Failing test when run as C++11

Jonathan Wakely jwakely@redhat.com
Fri May 9 11:31:00 GMT 2014


On 09/05/14 12:20 +0100, Jonathan Wakely wrote:
>On 09/05/14 13:15 +0200, Daniel Krügler wrote:
>>2014-05-09 12:53 GMT+02:00 Jonathan Wakely <jwakely@redhat.com>:
>>>20_util/specialized_algorithms/uninitialized_copy/808590.cc fails if
>>>run in C++11 mode because is_nothrow_move_constructible<c> is false,
>>>which means vector::resize() copies the elements using non-const
>>>lvalue arguments, which selects the template constructor.
>>>
>>>(In C++03 it copies from *const* lvalue arguments, selecting the copy
>>>constructor.)
>>>
>>>We can either fix it by adding throw() to the copy constructor, or by
>>>adding a move cosntructor (with a comment explaining why):
>>>
>>>#if __cplusplus >= 201103L
>>>  c(c&&) = default;
>>>#endif
>>>
>>>I can't decide which I prefer, does anyone else have a preference?
>>
>>Do you know whether the test case was added to validate a bug fix and
>>if so, which one? I would like to ensure that the change still
>>reflects the original intention for adding it.
>
>See https://bugzilla.redhat.com/show_bug.cgi?id=808590
>
>That was filed against Red Hat's GCC 4.4 and at the time the upstream
>GCC already passed the test.
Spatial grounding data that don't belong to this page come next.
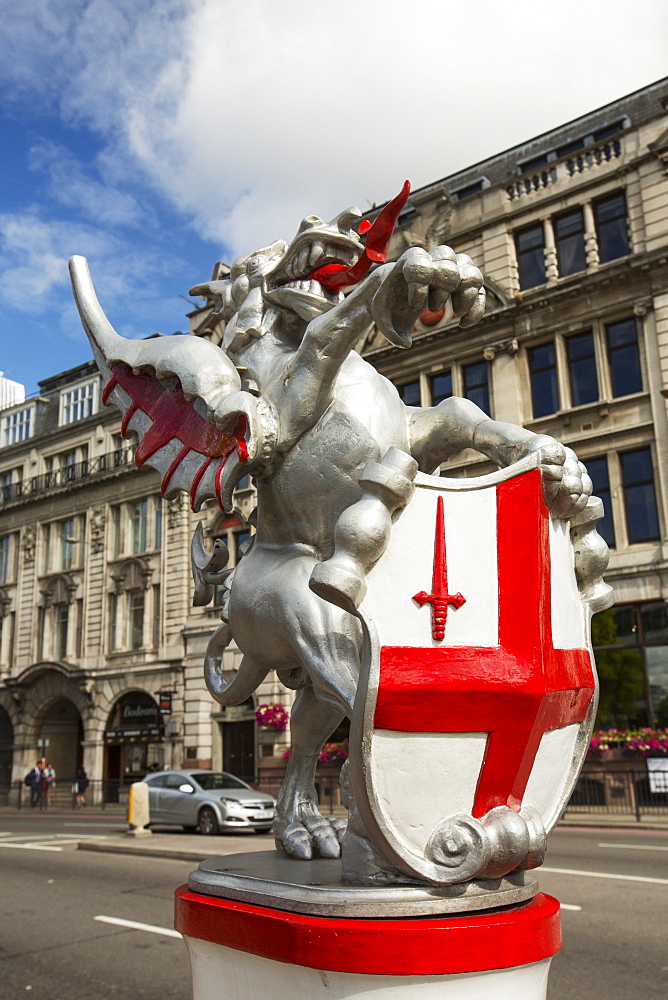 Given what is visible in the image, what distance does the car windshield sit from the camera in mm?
15646

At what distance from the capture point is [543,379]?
20.2m

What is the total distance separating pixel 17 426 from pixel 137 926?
33979 mm

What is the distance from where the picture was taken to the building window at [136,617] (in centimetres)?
2806

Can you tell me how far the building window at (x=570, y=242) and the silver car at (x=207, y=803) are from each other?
14326 millimetres

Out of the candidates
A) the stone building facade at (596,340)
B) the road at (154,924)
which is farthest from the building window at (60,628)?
the road at (154,924)

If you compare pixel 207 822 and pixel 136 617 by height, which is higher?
pixel 136 617

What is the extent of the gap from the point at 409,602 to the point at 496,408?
18.8 meters

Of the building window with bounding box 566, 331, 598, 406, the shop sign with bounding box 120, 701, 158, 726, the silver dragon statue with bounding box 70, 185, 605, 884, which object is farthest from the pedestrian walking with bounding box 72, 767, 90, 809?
the silver dragon statue with bounding box 70, 185, 605, 884

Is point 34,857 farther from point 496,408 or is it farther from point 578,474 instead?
point 496,408

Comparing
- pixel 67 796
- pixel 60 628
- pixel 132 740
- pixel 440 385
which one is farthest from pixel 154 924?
pixel 60 628

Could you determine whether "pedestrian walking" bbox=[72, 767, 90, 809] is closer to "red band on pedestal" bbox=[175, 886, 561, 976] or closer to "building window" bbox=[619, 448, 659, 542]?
"building window" bbox=[619, 448, 659, 542]

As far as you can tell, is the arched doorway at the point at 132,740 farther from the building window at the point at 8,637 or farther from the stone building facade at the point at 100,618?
the building window at the point at 8,637

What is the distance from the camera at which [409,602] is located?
2.28 metres

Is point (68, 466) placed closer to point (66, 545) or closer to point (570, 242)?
point (66, 545) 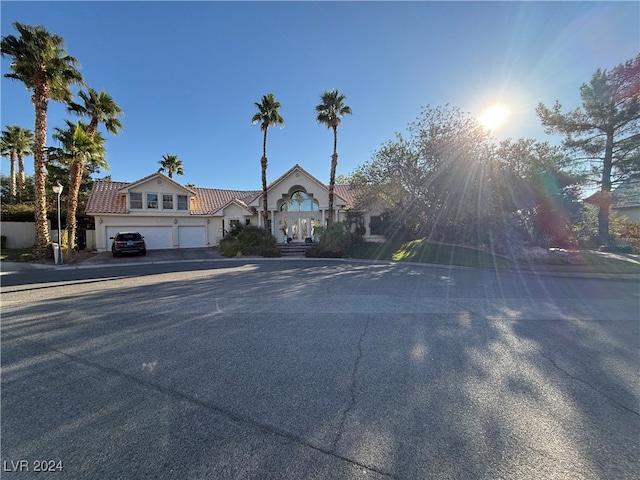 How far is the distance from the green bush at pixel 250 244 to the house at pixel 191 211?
306 cm

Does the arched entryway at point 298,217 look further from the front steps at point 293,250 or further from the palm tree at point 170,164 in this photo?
the palm tree at point 170,164

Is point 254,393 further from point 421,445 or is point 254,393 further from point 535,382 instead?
point 535,382

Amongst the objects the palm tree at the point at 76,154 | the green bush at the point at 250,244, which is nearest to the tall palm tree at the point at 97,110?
the palm tree at the point at 76,154

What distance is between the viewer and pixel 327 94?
20359 mm

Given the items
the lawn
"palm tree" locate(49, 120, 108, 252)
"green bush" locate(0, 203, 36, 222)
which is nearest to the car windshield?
"palm tree" locate(49, 120, 108, 252)

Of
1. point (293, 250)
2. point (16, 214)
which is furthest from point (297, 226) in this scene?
point (16, 214)

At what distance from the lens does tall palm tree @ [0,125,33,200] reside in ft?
102

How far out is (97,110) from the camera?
1830 centimetres

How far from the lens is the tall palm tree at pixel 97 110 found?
58.7 ft

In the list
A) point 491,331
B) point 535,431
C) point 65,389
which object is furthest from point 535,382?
point 65,389

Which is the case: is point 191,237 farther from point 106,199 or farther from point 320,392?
point 320,392

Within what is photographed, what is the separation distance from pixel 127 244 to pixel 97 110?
8.99 meters

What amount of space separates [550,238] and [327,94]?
18.5 meters

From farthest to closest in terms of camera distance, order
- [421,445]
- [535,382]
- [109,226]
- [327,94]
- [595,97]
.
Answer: [109,226] → [327,94] → [595,97] → [535,382] → [421,445] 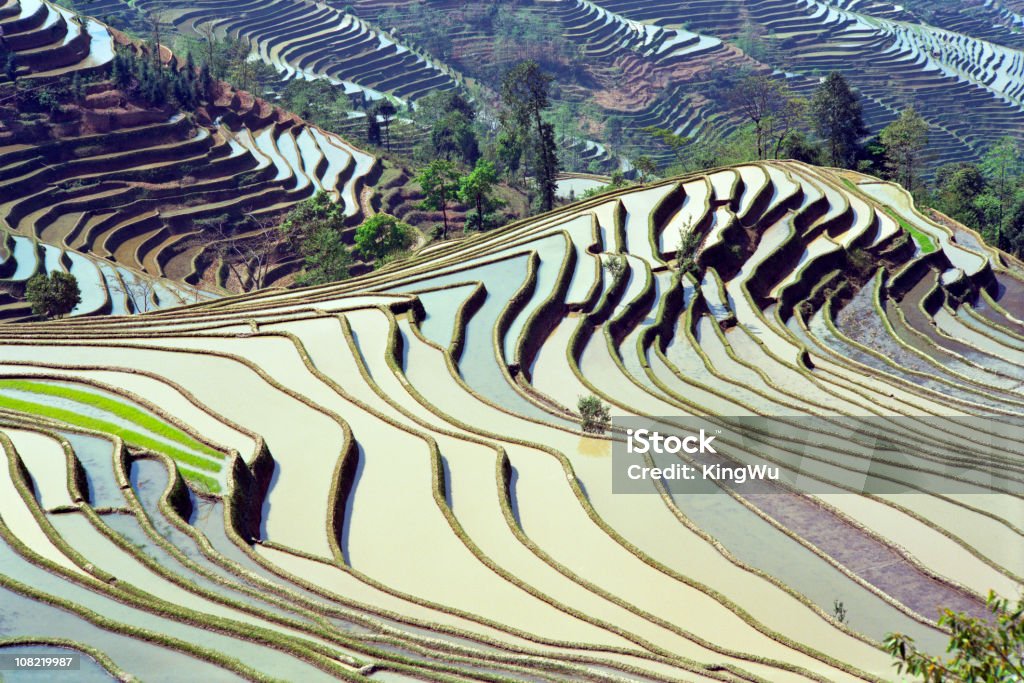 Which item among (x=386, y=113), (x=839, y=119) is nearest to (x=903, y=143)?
(x=839, y=119)

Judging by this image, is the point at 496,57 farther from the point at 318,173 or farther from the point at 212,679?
the point at 212,679

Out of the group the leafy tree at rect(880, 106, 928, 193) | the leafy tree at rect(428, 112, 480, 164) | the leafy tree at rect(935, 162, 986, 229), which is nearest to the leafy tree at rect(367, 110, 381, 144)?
the leafy tree at rect(428, 112, 480, 164)

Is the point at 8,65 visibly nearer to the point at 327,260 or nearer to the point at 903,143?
the point at 327,260

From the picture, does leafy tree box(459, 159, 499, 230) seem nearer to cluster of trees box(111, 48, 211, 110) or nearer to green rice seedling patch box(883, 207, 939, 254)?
cluster of trees box(111, 48, 211, 110)

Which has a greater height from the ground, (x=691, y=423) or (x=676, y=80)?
(x=691, y=423)

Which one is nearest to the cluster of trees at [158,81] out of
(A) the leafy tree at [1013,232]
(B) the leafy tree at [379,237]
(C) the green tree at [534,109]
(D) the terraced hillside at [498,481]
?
(B) the leafy tree at [379,237]

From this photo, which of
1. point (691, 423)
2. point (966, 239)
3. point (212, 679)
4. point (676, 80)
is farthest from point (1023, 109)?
point (212, 679) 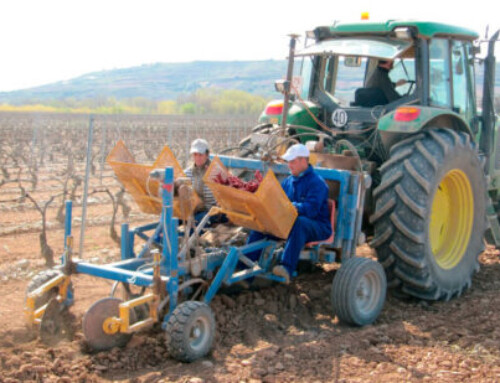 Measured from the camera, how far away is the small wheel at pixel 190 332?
4125 mm

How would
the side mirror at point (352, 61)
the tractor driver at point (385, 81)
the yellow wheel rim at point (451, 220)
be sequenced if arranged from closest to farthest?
the yellow wheel rim at point (451, 220)
the tractor driver at point (385, 81)
the side mirror at point (352, 61)

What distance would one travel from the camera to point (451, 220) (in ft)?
20.7

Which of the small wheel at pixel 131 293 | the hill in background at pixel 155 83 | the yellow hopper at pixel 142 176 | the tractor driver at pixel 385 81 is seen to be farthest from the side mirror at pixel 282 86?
the hill in background at pixel 155 83

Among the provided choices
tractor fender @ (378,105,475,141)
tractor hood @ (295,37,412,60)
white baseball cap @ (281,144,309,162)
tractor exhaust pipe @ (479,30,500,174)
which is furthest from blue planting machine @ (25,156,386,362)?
tractor exhaust pipe @ (479,30,500,174)

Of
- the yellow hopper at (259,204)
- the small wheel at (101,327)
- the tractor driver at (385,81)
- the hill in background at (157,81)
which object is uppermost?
the hill in background at (157,81)

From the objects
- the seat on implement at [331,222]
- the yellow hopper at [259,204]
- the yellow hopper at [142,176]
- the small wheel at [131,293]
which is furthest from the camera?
the seat on implement at [331,222]

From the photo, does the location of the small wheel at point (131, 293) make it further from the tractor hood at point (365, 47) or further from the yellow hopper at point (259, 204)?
the tractor hood at point (365, 47)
Benjamin added the test to catch any
>regressions. Arguably, the C++11 behaviour (copying from non-const
>lvalue instead of const lvalue) can be considered a regression, but I
>think it's the correct behaviour.

To explain why I think it's correct...

In C++03 the vector::resize() copied objects via (the equivalent of)
allocator<c>::construct(pointer, const c&) which always calls the
copy constructor, c::c(const c&).

In C++11 it uses the allocator_traits equivalent of
allocator<c>::construct(pointer, Args&&...) which can call any
constructor, depending on the value category, cv-qualification and
type of the argument. When is_nothrow_move_constructible<c> is false
(as in the current test code) the argument is an lvalue, so we call
c::c<c>(c&) instead of c::c(const c&).

If is_nothrow_move_constructible<c> was true then the argument would
be forwarded as an rvalue, so the template constructor isn't viable
and we would call c::c(const c&), or c::c(c&&) if we add that.